Obviously, as I had this program and it could analyse any text instantly, I thought that maybe I could analyse the other two main important works from Tolkien:
The Hobbit and
The Lord Of The Rings.
If I place all results side by side I may be able to deduct why ‘The Silmarillion’ is not as readable as the others, I said to myself. So I did:
Interestingly enough, all three books share the same top three words. In fact, all of their top words are pretty much the same (the, and, of, in, to, he, that, …). So it was totally unfair (apart from incorrect) to blame them for the lack of readability of a book.
What about the proportions and the distribution of words? If we compare the shapes of each chart together, it is easy to see that while the shapes for
The Hobbit and
The Lord of The Rings charts are really similar, the same does not occur with
The Silmarillion, where there is a huge quantitative difference between the top three words and the rest. Now that might explain something!
But I was not satisfied with this analysis yet. You cannot reduce style differences to numbers only; there were a number of factors that I had not considered yet: relations between words, typical constructions, language richness, even the length of the text itself! So I built a few more charts:
The word count chart confirms something we knew:
The Hobbit is shorter than
The Lord of The Rings, but slightly surprises me when it shows so clearly that
The Silmarillion is almost half the length than
LOTR. Specially because the reader does not experience that very same perception.
Maybe the readability differences could be attributed to the originality index? That is an index that I “invented”, taking the number of unique words for each book and dividing it by the total word count.
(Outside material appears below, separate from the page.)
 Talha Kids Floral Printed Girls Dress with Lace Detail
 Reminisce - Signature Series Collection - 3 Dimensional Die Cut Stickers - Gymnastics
That would provide us with another way of comparing the books. But the originality index chart is surprising as well. I expected
The Hobbit to have the lowest index, since that was the book that I perceived as easiest to read; in fact I even thought it was slightly dumb at certain points, too much children-oriented. But I was wrong; proportionally it is the most original book, and according to this chart,
The Silmarillion would be only a bit less enjoyable than
LOTR, that with only a 3% index, should be a bore.
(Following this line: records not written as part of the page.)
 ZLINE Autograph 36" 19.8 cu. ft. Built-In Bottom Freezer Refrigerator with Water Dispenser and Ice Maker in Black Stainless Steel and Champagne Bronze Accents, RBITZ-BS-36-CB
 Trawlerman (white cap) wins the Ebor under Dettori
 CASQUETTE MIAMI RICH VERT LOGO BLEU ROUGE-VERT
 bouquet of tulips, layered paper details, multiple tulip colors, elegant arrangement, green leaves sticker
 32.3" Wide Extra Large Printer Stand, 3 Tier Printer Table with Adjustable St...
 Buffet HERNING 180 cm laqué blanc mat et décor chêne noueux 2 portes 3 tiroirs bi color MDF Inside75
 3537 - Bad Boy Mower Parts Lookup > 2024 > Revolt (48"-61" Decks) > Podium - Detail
My assumptions were not working, because
LOTR is not a bore!
Could it be that I had taken into account the stop words but I should have not? I am referring to common English words such as the, and, of… — which are the most frequent in these works! On one hand I was very tempted to execute again the program, excluding those words. On the other hand, I did not believe it could be a good idea, since when we read a book, we are reading the stop words as well. We are not one of those rudimentary search engines who need to filter information out in order to distinguish keywords! If I removed those words from the text, the results would correspond to entirely different books.
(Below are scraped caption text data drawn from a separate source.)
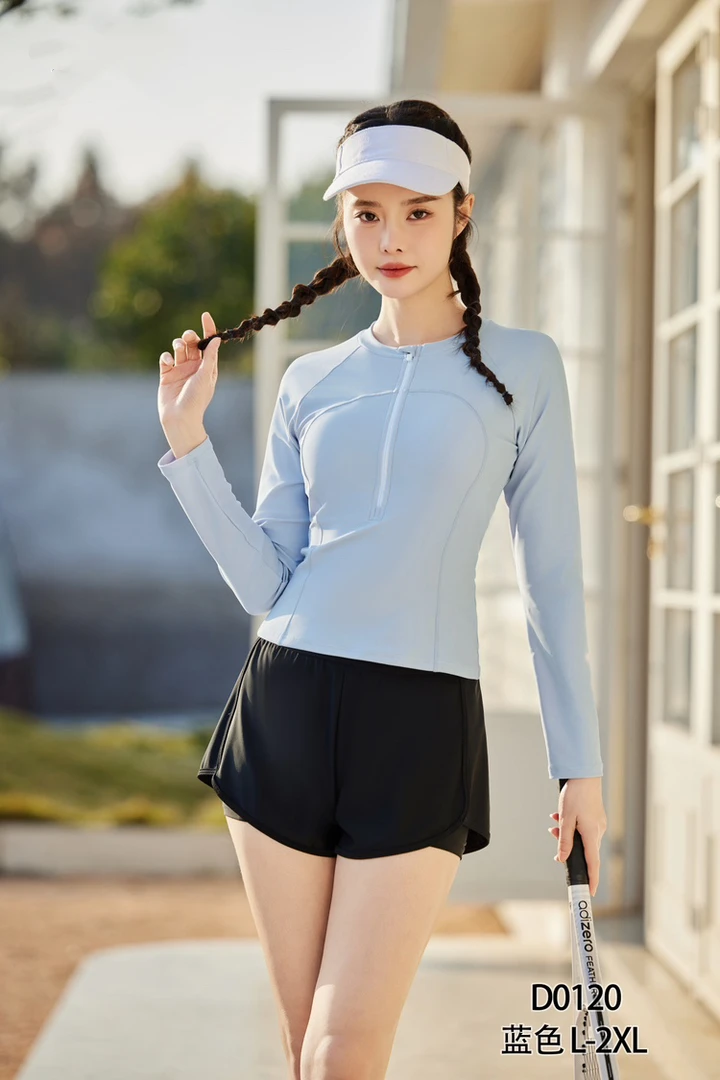 成人泳衣女分体两件套保守运动修身显瘦游泳装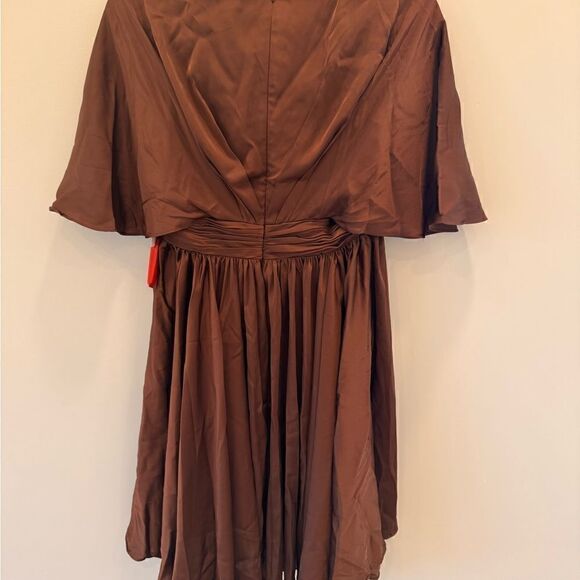 SATIN FLOWY CAPE SLEEVE MINI DRESS - Picture 5 of 10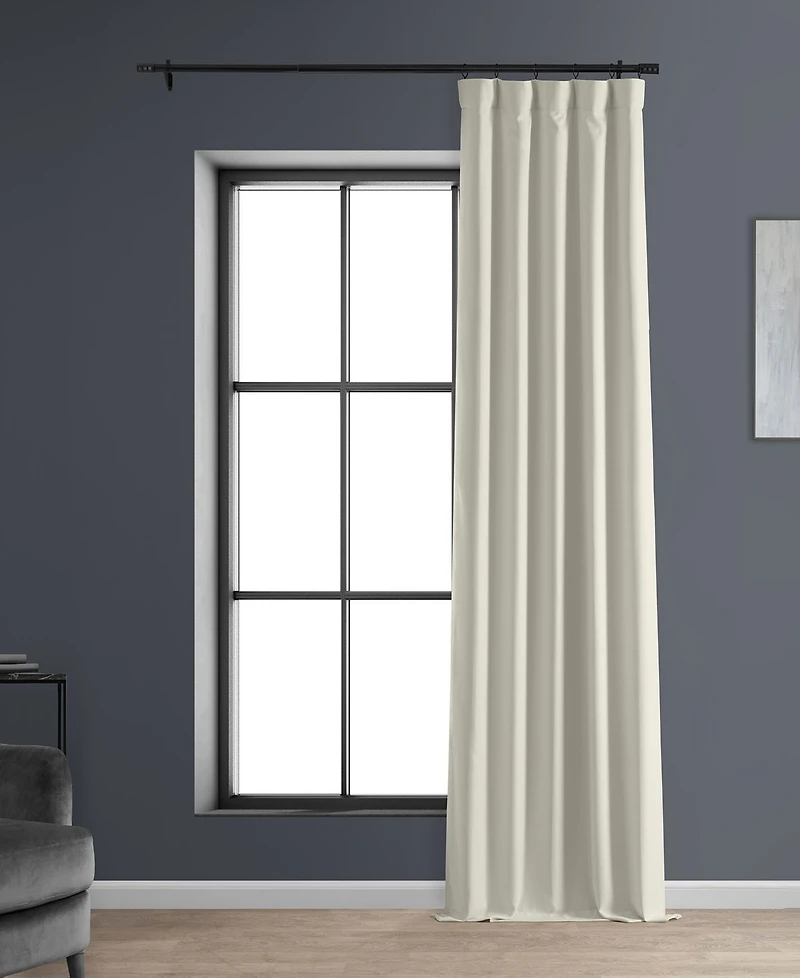 Half Price Drapes Off White Faux Linen Hotel Blackout Curtain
Still, I decided to build a simple chart comparing the proportion of stop words vs. non stop words. Again, the results were surprising. One would expect
The Silmarillion to have more filler text, but it was quite the contrary, with
The Hobbit being the richest in stop words. In any case, the differences between books were not very significative.
I ran another quick test (not pictured in this page) where I built these charts for
Dracula instead of
LOTR. That returned a very different set of results on every chart, so maybe instead of using these indices to compare books of the same author, they could be used to compare books of a known authors versus anonoymous books — that way we could guess who was the author of a book or piece of text!
And here end the most classical-academic of my speculations about Tolkien. I was satisfied with refuting that reviewer regarding the overuse of ‘and’, and had also found some interesting surprises. I could think of more indices to be calculated: the proportion of verbs, adverbs, adjectives, nouns and etc; types of used tenses, type of constructions… but if I really wanted to get serious with this whole text analysis business, that would require way more time and resources than building a few charts and speculating about them.
Well, well, well…next time someone criticizes the Silmarillion (my favorite book EVER) saying it’s hard to read, boring story and some other absurds like that, here it’s provided the empirical data proving that’s not the case! Full objectiveness and zero subjectivity!